Societally-Aware Autonomy: Games, Control, and Infrastructure for the Next Generation of Mobility Systems

Speaker: Ruolin Li

Date: Sept 26, 2:15 – 3:05 pm

Abstract: Autonomous vehicles (AVs) offer unprecedented opportunities to reshape transportation systems by enabling fine-grained control, real-time adaptability, and proactive system-wide coordination. Yet, their integration into mixed-traffic environments presents fundamental challenges: how to model and anticipate the strategic behavior of human drivers, how to prevent the exploitation of cooperative AVs, and how to design scalable control policies that align individual incentives with societal goals.

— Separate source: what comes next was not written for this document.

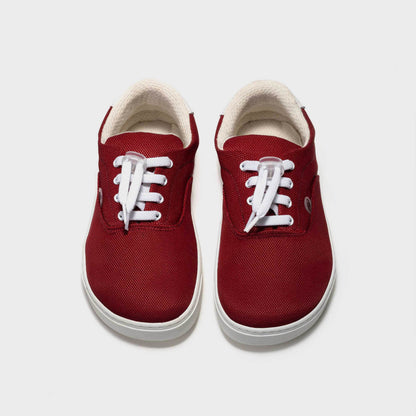 BLOOMY ESSENTIAL B1 ROJO - BAREFOOT INFANTIL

This talk presents a series of interactive autonomy scenarios—spanning weaving ramps, network routing, and toll lane usage—to examine how AVs can be harnessed not just as isolated agents, but as population of societally-aware decision-makers that improve social traffic conditions. I will introduce game-theoretic models that capture the nuanced dynamics between AVs and human-driven vehicles and highlight control strategies that unlock AVs’ system-level potential while safeguarding against unintended consequences.

Together, these results illustrate how strategically deployed AVs, informed by behavioral modeling and infrastructure co-design, can enable more adaptive, efficient, and socially-aligned mobility systems.

Biographical Sketch: Ruolin Li is the Gabilan Assistant Professor in the Department of Civil and Environmental Engineering at the University of Southern California, where she leads the Societally-aware Interactive Autonomous Systems (SIAS) Lab.
Her research lies at the intersection of game theory, multi-agent systems, and optimization, focusing on the design and control of autonomous vehicles in mixed-autonomy transportation networks. She develops models and control strategies that leverage the strategic potential of AVs to improve traffic efficiency, coordination, and societal outcomes.

Prior to USC, she was a postdoctoral scholar in the Department of Aeronautics and Astronautics at Stanford University. She received her Ph.D.
and M.S. in Mechanical Engineering from UC Berkeley. Her work has been recognized with multiple honors, including the MIT Rising Stars in CEE and Stanford Rising Stars in Mechanical Engineering.